| Data section |
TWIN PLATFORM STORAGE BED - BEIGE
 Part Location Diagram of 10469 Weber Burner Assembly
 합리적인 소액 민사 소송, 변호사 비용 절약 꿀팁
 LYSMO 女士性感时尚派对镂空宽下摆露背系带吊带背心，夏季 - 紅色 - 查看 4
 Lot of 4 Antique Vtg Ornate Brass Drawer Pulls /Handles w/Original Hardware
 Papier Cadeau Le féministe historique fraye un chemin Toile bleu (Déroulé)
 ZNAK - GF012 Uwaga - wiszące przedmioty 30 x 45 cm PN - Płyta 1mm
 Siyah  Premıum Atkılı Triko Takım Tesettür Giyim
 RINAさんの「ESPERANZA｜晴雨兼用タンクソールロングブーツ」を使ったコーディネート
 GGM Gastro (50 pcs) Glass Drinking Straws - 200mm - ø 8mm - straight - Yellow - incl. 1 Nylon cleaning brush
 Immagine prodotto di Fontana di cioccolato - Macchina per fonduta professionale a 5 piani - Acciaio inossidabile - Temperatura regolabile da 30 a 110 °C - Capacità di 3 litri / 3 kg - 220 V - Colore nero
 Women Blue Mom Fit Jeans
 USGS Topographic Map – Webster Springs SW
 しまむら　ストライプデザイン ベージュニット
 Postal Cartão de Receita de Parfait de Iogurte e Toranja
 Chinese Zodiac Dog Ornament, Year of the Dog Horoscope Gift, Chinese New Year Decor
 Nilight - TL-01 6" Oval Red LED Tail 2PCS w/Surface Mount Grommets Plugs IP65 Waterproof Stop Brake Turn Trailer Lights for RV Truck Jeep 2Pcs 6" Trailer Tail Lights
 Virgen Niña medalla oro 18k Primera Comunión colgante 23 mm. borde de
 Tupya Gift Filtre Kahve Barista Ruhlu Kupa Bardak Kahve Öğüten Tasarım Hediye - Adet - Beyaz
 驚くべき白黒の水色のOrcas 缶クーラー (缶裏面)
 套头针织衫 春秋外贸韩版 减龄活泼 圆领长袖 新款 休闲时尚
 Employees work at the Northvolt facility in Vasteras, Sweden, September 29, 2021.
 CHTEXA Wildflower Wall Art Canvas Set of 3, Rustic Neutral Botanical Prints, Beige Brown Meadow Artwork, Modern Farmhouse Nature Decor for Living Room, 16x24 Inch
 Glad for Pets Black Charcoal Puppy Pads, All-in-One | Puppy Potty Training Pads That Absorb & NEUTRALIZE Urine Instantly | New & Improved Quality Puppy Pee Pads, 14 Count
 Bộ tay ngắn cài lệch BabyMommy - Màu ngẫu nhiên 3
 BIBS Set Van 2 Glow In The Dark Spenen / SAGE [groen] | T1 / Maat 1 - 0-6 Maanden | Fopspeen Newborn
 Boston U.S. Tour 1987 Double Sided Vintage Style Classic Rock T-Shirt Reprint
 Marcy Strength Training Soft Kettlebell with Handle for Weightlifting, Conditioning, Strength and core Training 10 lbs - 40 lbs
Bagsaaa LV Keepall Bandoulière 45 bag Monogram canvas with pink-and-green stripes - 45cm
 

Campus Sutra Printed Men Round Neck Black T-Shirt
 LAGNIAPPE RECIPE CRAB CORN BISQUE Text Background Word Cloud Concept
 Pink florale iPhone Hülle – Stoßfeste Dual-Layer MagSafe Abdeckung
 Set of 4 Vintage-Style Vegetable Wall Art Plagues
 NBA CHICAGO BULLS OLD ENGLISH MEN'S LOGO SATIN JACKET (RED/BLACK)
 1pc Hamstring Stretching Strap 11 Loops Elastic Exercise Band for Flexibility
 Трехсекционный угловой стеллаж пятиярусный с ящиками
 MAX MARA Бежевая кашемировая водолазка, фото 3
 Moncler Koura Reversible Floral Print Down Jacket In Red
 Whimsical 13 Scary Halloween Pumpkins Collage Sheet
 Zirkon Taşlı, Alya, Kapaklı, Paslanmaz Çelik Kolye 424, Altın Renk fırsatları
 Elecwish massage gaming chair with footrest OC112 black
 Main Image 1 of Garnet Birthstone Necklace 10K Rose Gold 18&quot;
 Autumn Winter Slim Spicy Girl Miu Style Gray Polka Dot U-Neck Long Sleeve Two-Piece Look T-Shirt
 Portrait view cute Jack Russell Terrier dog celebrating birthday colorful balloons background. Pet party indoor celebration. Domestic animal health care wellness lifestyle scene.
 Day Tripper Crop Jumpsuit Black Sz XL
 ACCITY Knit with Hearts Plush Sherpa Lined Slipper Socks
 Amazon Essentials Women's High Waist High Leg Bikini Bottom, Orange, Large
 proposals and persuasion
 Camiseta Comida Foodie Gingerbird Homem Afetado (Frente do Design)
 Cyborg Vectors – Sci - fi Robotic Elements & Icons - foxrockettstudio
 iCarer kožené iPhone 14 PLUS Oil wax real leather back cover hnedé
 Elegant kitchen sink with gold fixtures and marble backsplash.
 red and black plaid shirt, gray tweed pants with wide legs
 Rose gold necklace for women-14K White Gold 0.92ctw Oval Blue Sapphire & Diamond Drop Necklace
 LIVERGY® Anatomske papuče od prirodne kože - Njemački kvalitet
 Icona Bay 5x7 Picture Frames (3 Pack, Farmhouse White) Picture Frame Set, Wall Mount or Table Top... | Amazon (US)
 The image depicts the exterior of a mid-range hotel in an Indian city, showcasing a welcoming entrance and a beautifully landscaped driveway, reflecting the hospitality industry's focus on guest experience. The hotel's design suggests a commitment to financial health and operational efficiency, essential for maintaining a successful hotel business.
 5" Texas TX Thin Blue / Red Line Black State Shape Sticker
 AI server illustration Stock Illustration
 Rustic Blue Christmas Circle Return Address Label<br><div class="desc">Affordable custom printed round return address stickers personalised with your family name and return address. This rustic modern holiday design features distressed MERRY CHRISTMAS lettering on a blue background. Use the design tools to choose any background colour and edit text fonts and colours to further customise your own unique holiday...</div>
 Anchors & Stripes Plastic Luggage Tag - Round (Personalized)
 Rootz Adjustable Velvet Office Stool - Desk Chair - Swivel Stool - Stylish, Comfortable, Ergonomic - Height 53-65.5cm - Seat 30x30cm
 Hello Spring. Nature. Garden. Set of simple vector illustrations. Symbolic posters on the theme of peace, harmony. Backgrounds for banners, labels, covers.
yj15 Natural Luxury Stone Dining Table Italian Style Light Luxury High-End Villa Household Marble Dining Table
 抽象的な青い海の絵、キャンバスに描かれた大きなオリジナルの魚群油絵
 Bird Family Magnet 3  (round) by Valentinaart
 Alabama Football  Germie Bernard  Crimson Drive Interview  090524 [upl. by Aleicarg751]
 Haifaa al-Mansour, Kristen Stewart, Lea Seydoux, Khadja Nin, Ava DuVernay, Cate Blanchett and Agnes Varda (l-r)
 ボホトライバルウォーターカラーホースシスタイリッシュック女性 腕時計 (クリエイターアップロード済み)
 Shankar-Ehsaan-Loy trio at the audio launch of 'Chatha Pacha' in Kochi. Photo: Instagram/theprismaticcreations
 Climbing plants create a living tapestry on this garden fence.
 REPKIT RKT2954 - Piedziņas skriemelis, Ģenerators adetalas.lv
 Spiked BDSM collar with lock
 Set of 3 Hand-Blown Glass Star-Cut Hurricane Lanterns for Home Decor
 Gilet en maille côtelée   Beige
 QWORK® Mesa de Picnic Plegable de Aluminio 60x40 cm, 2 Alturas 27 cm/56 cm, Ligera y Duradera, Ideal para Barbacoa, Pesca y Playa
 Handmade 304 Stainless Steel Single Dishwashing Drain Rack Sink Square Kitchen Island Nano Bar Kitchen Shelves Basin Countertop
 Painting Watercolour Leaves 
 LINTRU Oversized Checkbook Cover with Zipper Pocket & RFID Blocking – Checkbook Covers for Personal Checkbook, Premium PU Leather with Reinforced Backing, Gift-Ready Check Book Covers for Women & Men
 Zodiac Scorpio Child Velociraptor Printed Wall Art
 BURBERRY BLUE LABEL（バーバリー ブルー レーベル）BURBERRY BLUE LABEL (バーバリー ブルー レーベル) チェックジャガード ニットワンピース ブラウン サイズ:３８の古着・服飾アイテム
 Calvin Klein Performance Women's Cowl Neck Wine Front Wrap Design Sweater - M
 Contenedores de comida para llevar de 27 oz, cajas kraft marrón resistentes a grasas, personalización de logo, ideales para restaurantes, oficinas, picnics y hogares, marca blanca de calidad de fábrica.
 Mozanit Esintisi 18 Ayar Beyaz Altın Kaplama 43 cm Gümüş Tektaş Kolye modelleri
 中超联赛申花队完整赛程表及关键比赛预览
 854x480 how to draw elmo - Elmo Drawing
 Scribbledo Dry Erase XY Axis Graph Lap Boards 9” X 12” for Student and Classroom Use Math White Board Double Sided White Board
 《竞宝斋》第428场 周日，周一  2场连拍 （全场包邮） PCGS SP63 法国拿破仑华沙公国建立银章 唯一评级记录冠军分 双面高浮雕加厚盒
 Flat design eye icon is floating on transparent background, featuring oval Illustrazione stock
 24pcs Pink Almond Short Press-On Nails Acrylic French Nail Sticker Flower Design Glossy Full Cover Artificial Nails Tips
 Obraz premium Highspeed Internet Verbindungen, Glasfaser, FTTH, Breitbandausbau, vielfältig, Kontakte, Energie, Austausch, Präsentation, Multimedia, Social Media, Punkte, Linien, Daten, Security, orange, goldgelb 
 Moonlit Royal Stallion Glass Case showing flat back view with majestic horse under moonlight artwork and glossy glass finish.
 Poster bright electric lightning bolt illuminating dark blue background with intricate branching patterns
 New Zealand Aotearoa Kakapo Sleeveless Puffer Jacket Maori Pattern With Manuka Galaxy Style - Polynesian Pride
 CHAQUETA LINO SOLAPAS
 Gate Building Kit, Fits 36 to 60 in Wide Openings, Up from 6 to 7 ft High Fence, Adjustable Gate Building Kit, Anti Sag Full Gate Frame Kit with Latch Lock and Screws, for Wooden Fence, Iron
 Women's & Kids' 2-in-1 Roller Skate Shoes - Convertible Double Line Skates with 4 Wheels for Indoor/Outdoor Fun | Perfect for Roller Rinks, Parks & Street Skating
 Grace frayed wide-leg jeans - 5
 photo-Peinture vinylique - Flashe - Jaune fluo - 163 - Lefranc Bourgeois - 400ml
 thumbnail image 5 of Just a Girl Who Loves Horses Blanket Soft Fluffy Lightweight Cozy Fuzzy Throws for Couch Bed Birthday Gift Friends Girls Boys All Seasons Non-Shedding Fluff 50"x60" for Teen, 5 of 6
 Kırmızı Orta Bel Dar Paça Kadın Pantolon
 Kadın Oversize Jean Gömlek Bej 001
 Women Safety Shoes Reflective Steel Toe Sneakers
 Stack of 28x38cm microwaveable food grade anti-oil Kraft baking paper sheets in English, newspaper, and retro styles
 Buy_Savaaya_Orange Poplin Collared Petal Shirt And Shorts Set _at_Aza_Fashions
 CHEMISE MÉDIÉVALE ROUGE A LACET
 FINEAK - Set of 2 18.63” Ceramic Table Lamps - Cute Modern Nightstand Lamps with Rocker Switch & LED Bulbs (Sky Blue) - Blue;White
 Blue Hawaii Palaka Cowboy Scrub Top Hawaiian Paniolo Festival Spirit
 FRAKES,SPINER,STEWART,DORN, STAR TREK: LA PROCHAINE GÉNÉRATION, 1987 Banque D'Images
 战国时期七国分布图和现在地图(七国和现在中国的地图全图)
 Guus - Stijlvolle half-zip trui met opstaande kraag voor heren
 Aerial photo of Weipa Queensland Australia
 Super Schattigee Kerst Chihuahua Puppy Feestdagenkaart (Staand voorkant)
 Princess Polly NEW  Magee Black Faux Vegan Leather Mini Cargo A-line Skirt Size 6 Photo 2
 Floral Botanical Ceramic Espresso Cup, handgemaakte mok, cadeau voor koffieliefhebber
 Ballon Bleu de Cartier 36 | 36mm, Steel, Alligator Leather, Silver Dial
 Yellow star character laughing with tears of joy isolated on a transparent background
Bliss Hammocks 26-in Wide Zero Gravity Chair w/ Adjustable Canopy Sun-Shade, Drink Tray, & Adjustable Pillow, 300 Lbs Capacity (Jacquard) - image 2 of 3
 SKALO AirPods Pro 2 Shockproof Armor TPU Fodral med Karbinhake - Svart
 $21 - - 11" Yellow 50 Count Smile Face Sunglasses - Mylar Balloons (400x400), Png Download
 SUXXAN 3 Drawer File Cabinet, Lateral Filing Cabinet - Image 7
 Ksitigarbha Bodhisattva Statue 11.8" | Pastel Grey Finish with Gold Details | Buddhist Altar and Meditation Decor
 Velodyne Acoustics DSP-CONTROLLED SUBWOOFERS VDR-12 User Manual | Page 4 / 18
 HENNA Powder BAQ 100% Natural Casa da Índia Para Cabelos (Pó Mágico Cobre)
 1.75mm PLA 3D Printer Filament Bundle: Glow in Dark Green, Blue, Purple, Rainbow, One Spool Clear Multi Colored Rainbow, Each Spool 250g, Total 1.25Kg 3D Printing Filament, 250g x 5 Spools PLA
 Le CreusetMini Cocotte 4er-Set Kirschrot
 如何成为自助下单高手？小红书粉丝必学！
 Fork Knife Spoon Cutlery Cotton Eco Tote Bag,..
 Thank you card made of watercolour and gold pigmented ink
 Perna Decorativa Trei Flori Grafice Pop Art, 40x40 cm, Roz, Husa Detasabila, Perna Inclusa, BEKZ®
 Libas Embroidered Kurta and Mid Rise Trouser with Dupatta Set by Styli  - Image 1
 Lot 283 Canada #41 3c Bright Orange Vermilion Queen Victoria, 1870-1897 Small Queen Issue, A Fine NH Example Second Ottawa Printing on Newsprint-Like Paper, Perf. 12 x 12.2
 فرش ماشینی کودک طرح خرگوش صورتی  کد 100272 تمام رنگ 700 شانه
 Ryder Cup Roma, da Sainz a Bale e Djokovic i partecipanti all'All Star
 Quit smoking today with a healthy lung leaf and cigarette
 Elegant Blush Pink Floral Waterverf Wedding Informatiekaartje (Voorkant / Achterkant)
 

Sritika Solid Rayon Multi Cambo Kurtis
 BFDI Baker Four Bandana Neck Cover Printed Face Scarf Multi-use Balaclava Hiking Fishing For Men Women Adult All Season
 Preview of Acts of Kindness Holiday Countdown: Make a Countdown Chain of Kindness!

| Your task |
Everything from the line with "Zirkon Taşlı, Alya, Kapaklı, Paslanmaz" through the line with "Autumn Winter Slim" should be written out exactly as it appears above, end lines included, and nothing outside that range.

| Exercise output |
 Zirkon Taşlı, Alya, Kapaklı, Paslanmaz Çelik Kolye 424, Altın Renk fırsatları
 Elecwish massage gaming chair with footrest OC112 black
 Main Image 1 of Garnet Birthstone Necklace 10K Rose Gold 18&quot;
 Autumn Winter Slim Spicy Girl Miu Style Gray Polka Dot U-Neck Long Sleeve Two-Piece Look T-Shirt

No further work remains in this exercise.